Unsere Lesechallenge unter dem Motto #HiddenPowers geht weiter!

Bisher haben wir gemeinsam gelesen:

Der Roman im Juni war „Orlando“ von Virginia Woolf

Ein paar Gedanken unserer Nornen zu „Orlando“

Diandra Linnemann

“Orlando” war ein verwirrendes und wunderschönes Lese-Erlebnis. Ich mochte, wie nichts von dem, was passiert, in Frage gestellt wird, und wie mit subtilen Hinweisen auf Personen des öffentlichen Lebens oder die Entstehung neuer Gebäude das Verfliegen der Zeit angedeutet wird. Wahrscheinlich werde ich das Buch noch einmal lesen und mir zusätzlich Sekundärliteratur zu Gemüte führen – ich habe den Eindruck, ich habe im ersten Durchgang noch längst nicht alles entdeckt, was es zu entdecken gibt.

Jasmin Engel

Was mir recht bald beim Lesen von “Orlando” aufgefallen ist: es handelt sich dabei um einen Roman, der seiner Zeit voraus war. Auch wenn die Sätze für meinen Geschmack manchmal  etwas zu lang und verschachtelt sind, finde ich den Stil und die Wortwahl phantastisch. Ich habe “Orlando” auf Englisch gelesen. Es war zwar nicht einfach, aber bereichernd, auch für meinen Wortschatz. Der fließende Übergang zwischen Orlando als Mann und Orlando als Frau ist in meinen Augen sehr gekonnt, zumal die Unterschiede durchaus ein Thema sind. Für mich persönlich als Leserin war jedoch der Einstieg etwas schwierig. Erst nach vielleicht  70-80 Seiten hatte ich das Gefühl, es geht richtig los und wird spannend.
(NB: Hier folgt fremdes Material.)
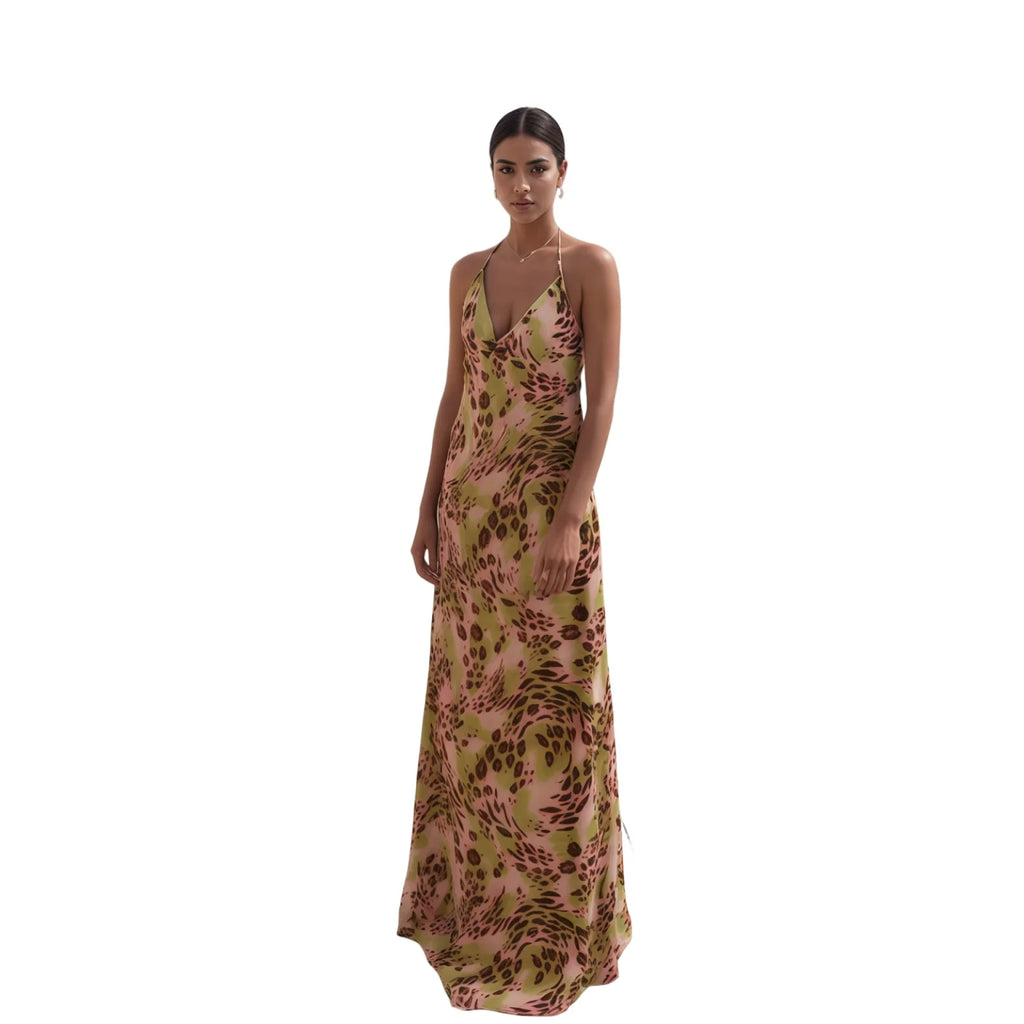 Elegant Floral Print Maxi Dress with Halter Neckline and Sleeveless Design Perfect for Spring and Summer Events
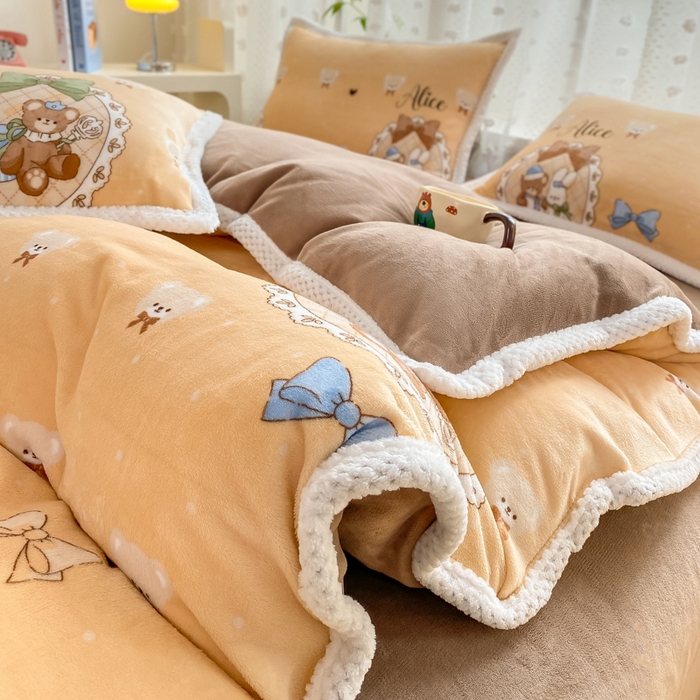 91家纺网 家纺一手货源 找家纺 阿亮家纺 2025新款高克重大包边菠萝格牛奶绒活性印染四件套 亲密朋友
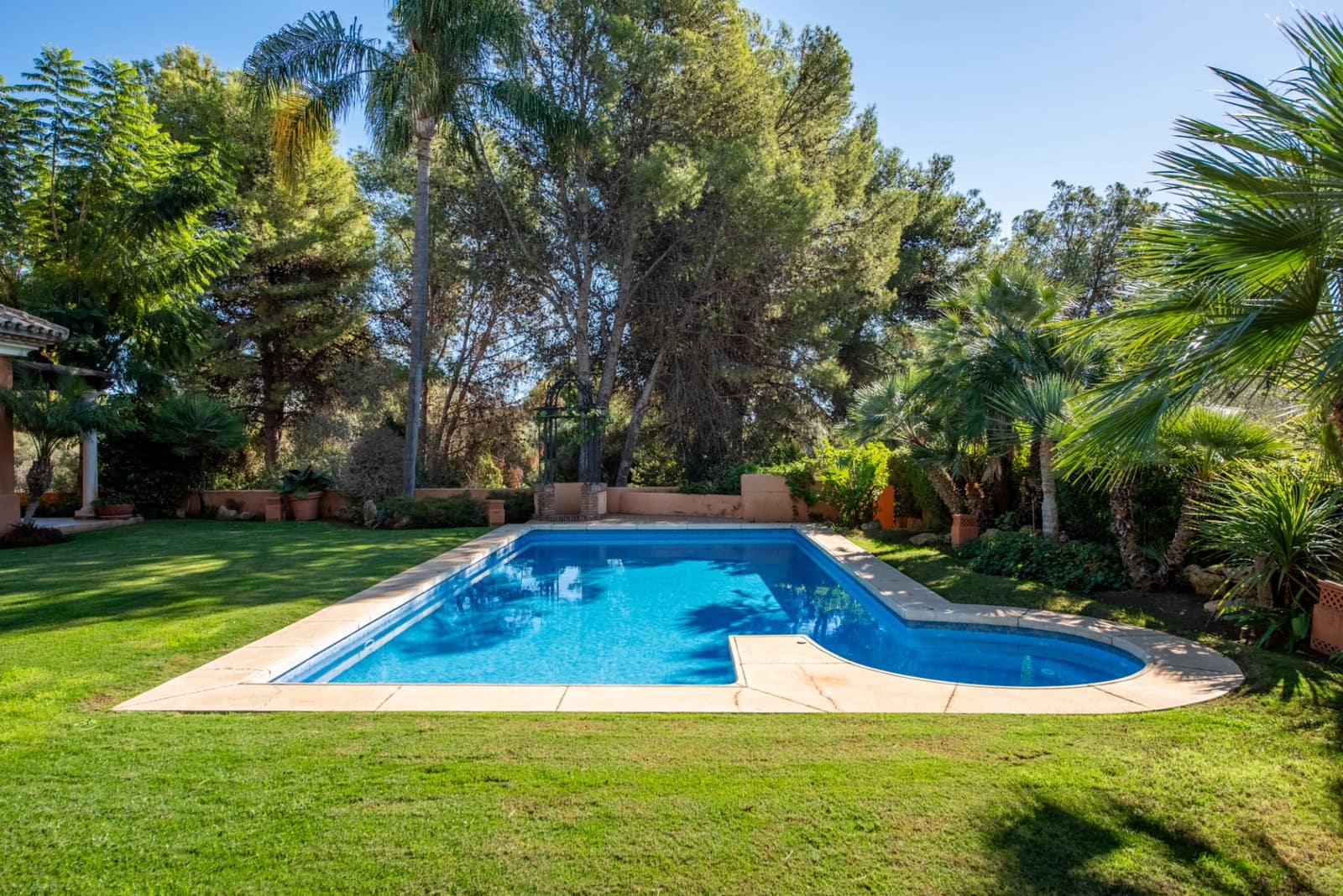 4 bedroom Villa for sale in Marbella with pool garage - € 4,500,000 (Ref: 7982701)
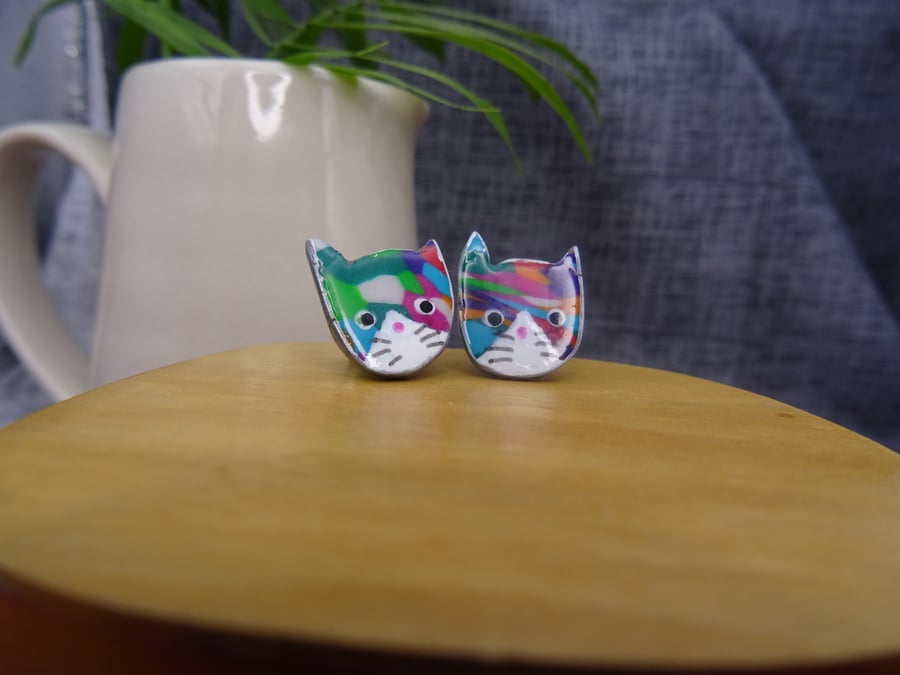 Pretty cat stud earrings 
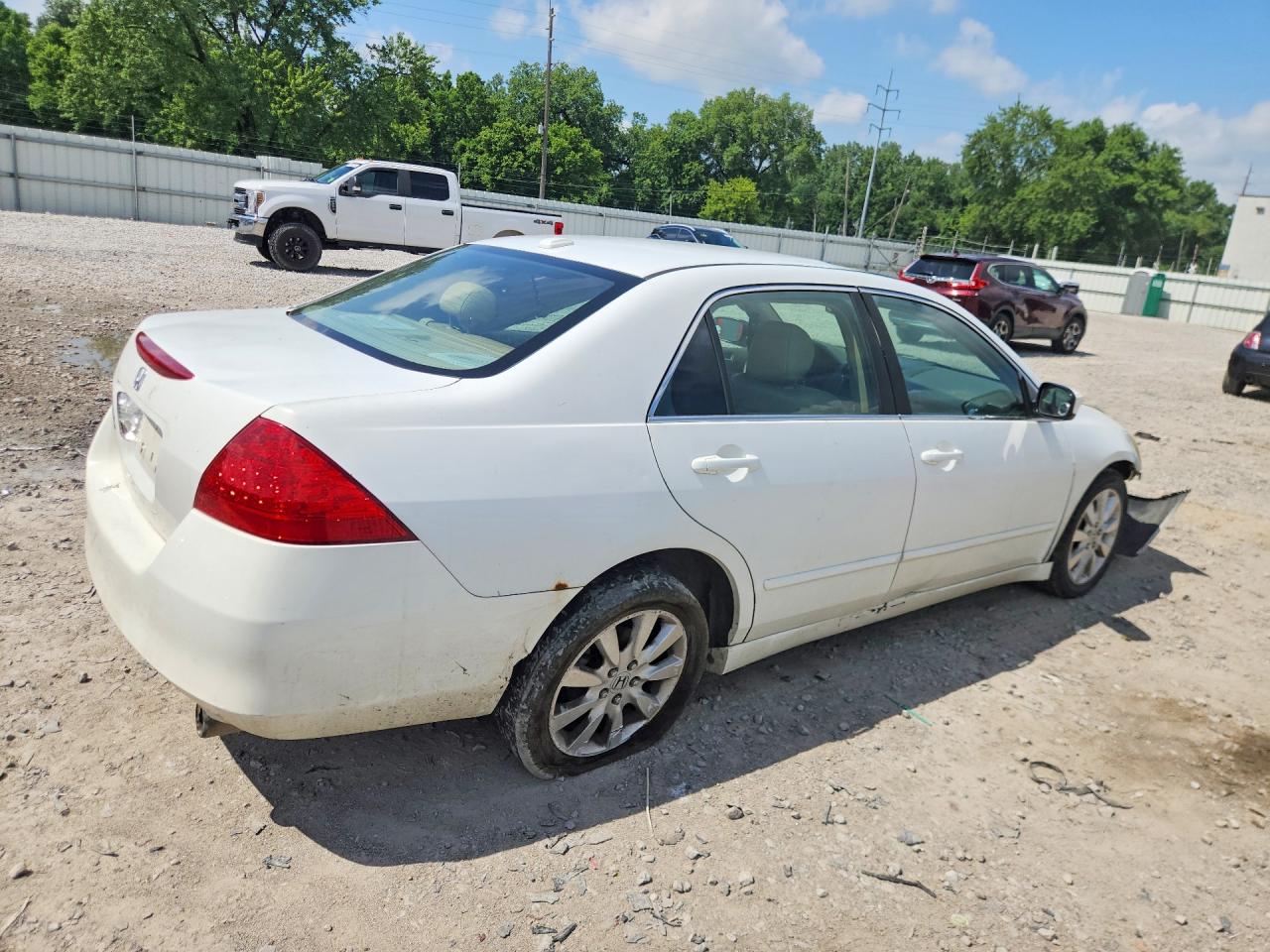 2007 Honda Accord White vin: 1HGCM66867A017988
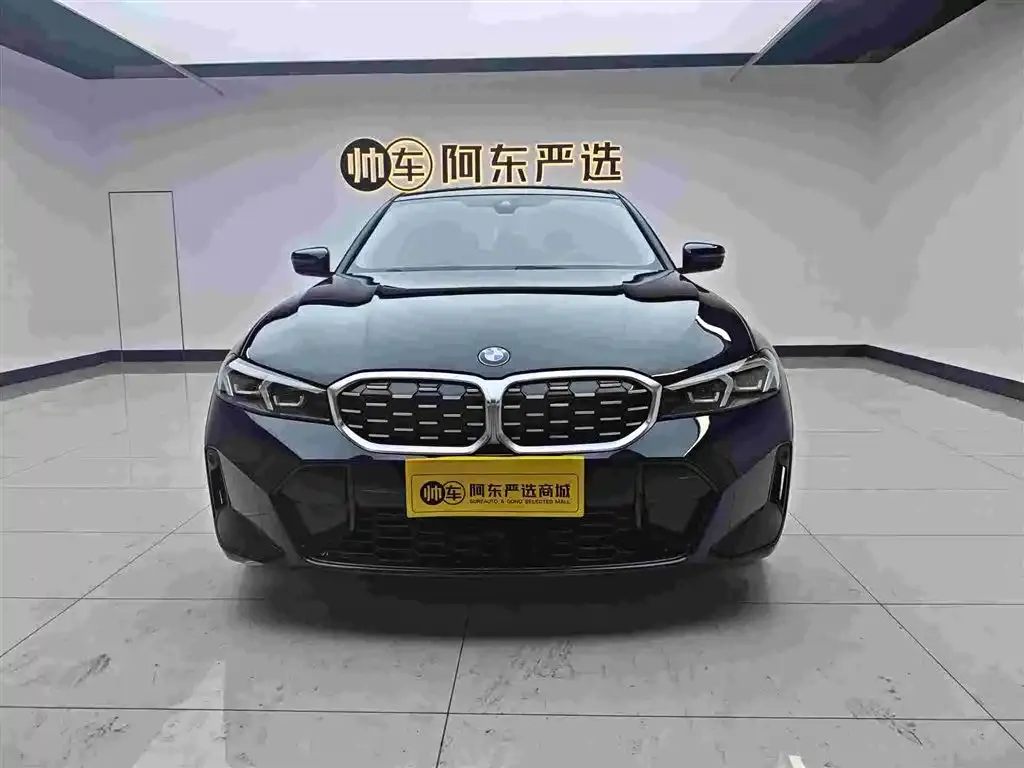 BMW 3 Series 2023 из CN, фото 1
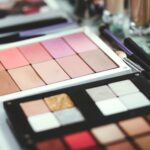 What is the Easiest Type of Eyeshadow to Apply?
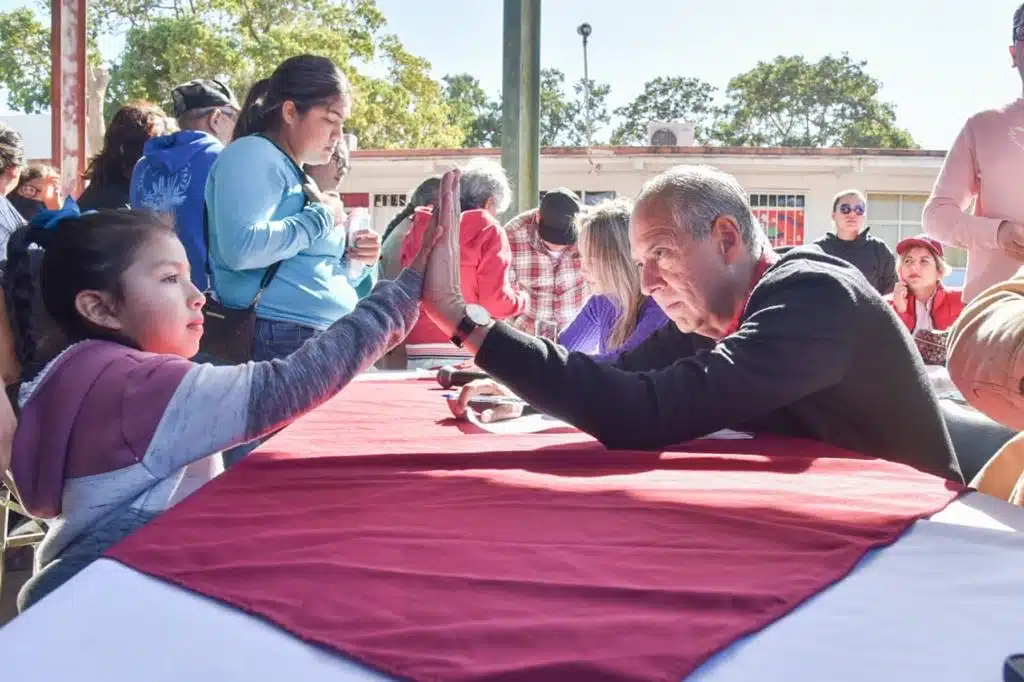 Bienestar Ahome Apoyos Alcalde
Die nachdenklichen und philosophierenden Passagen können zuweilen etwas langatmig ausfallen. Trotzdem und gerade thematisch finde ich, “Orlando” ist ein interessantes, empfehlenswertes Buch.

Elenor Avelle

“Orlando” ist kein Buch für mich. Die Geschichte enthält durchaus spannende Aspekte, vor allem der Wechsel des Geschlechts, der unkompliziert und ohne Aufhebens von Statten geht und geschichtliche Komponenten, die neugierig machen. Auch die biografisch anmutende Umsetzung hat ihren Charme. Leider ist die Geschichte mit Bildnissen gespickt, die veraltete und konventionelle Ansichten als natürlich gegeben beschreiben und dabei einen recht christlichen Ansatz von Sünde spiegeln. Ein Problem, das ich mit Klassikern häufig habe.

Jana Jeworreck

Orlando ist kein einfaches Buch. Ich habe es bereits vor langer Zeit gelesen und später ein Theaterstück daraus gemacht. Daher habe ich mich inhaltlich intensiv damit auseinandergesetzt. Der “stream of consciousness”, mit dem die Geschichte erzählt wird, ist ein Stilmittel, durch das die Hauptfigur wie in einer eigenen Zeitwahrnehmung durch die Jahrhunderte gezogen wird. Orlando, sowohl als Mann, als auch als Frau hat eine Kernidentität, eine kosmische Identität, die nur gelegentlich mit den realen Epochen in Konflikt gerät. Zugleich wandelt sich Orlando je nach Konvention. Es hat mich stark an die Vampirproblematik erinnert, die auch bei Anne Rice thematisiert wird. Was geschieht mit dem Ich, wenn man über Jahrhunderte lebt? Was geschieht mit dem Kernwesen? All diese Fragen wurden durch Orlando bei mir losgetreten und daher kann ich klar sagen: Ich mag dieses Buch sehr!

Das nächste Buch der Weltliteratur aus dem Schuber #HiddenPowers ist Frankenstein von Mary Shelley.